# What you will do
Below are the entries. Print only the lines starting at the one with "An octopus can" and ending at the one with "That brings me", exactly, with no pictures.

# Record set
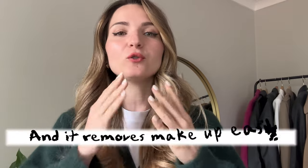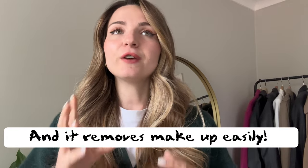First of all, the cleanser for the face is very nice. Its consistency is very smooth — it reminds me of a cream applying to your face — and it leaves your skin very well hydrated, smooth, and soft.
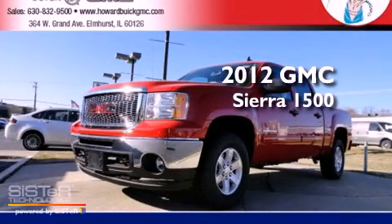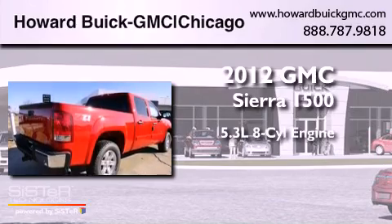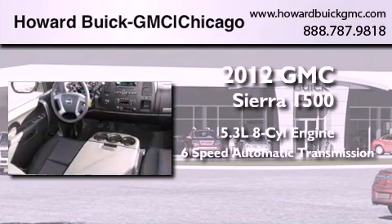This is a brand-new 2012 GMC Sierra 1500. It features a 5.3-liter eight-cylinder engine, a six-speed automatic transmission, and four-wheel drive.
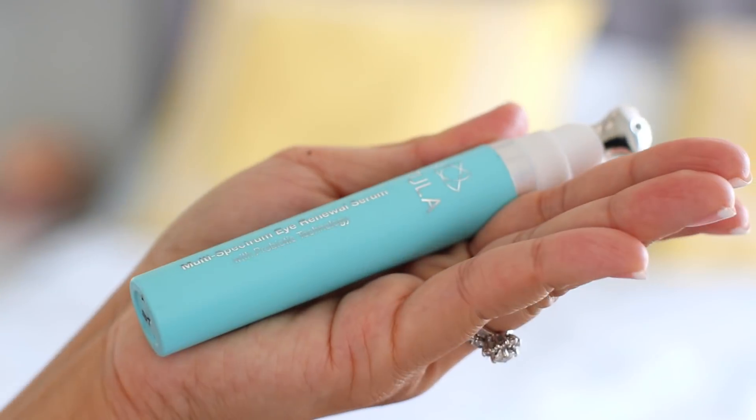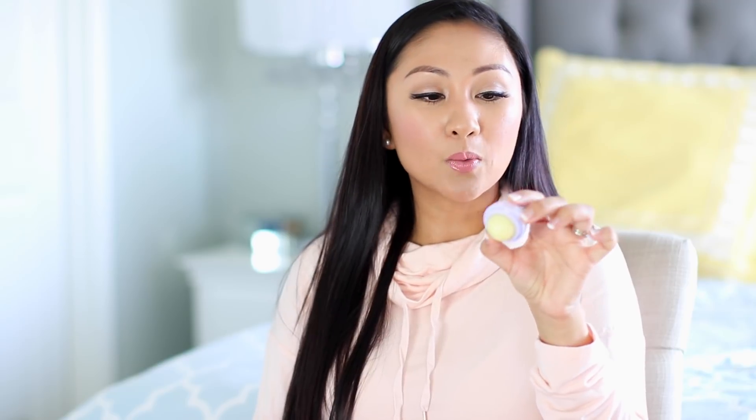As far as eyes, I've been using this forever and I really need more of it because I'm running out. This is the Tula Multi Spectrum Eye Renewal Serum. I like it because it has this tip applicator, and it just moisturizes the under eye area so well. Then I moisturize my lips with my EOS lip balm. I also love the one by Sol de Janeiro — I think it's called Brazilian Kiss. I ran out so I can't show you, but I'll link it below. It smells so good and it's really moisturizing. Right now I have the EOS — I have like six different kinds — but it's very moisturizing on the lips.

---

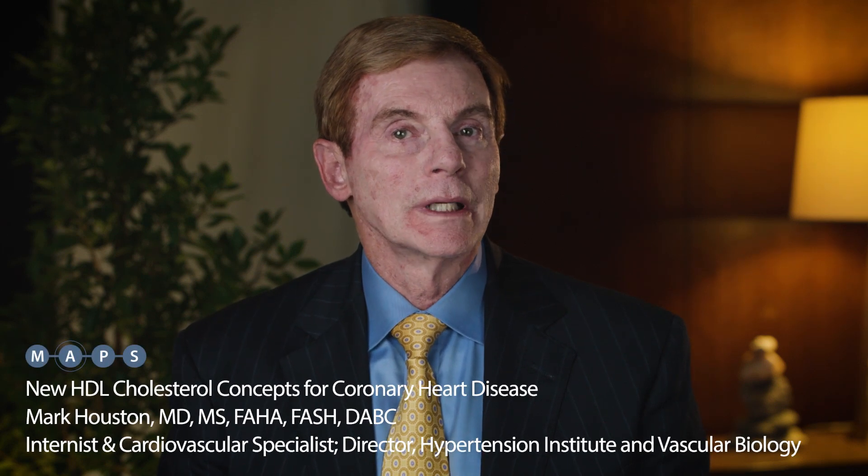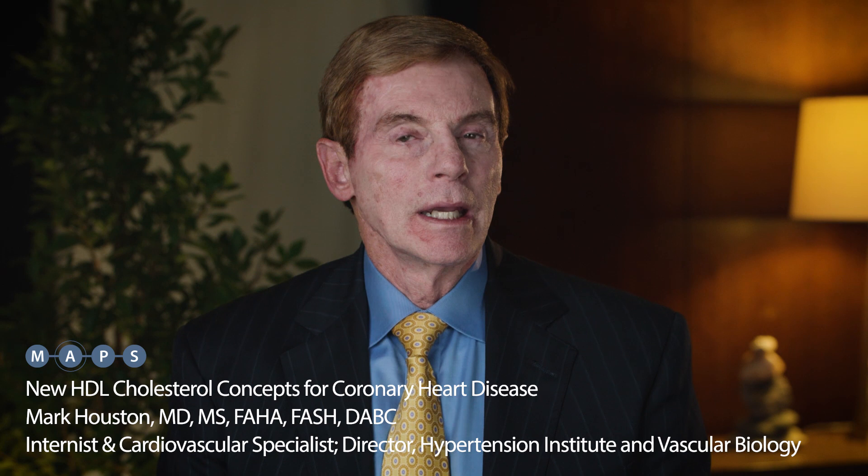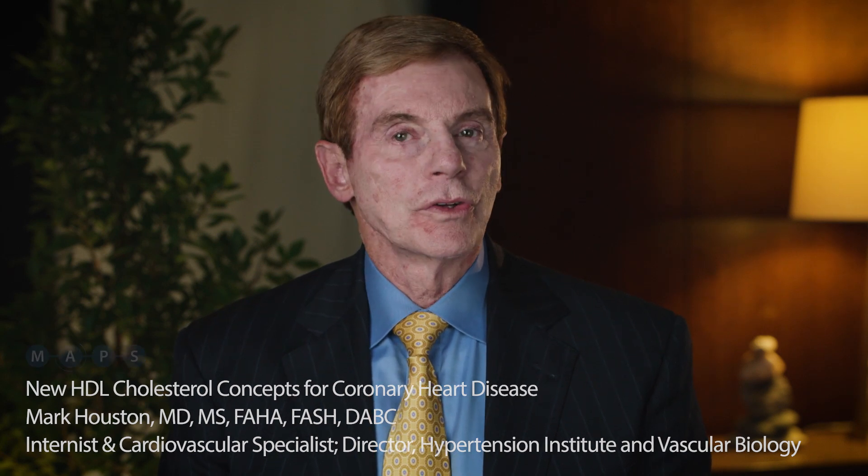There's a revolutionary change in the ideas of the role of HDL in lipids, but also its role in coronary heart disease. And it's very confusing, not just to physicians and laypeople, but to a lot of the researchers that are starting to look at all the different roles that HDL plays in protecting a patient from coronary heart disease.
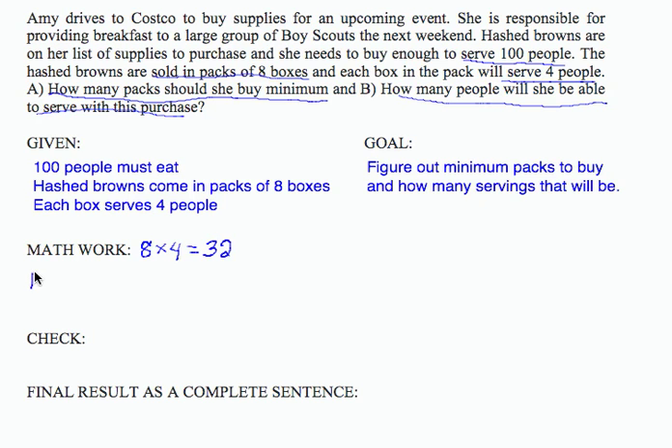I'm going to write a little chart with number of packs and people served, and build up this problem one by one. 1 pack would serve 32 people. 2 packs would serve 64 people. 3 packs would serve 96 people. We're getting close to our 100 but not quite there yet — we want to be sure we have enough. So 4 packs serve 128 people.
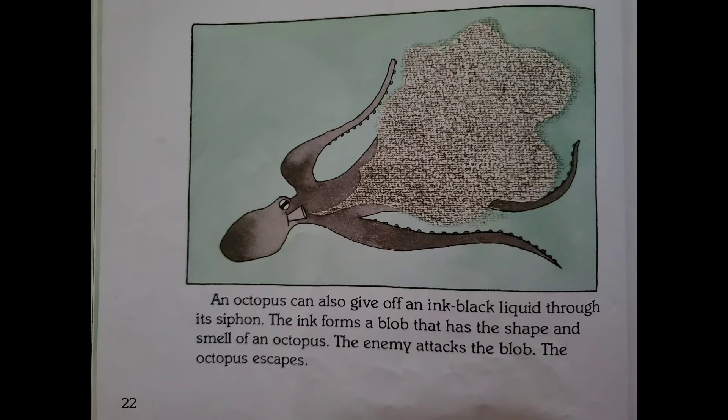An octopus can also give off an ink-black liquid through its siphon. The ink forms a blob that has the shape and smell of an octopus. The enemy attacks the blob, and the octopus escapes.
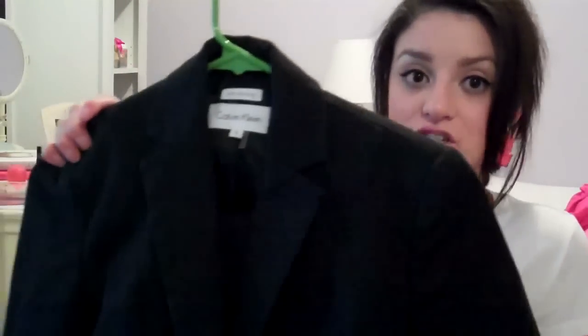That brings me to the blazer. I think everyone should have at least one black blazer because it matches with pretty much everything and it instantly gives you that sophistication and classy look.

# Answer to this problem
An octopus can also give off an ink-black liquid through its siphon. The ink forms a blob that has the shape and smell of an octopus. The enemy attacks the blob, and the octopus escapes.
That brings me to the blazer. I think everyone should have at least one black blazer because it matches with pretty much everything and it instantly gives you that sophistication and classy look.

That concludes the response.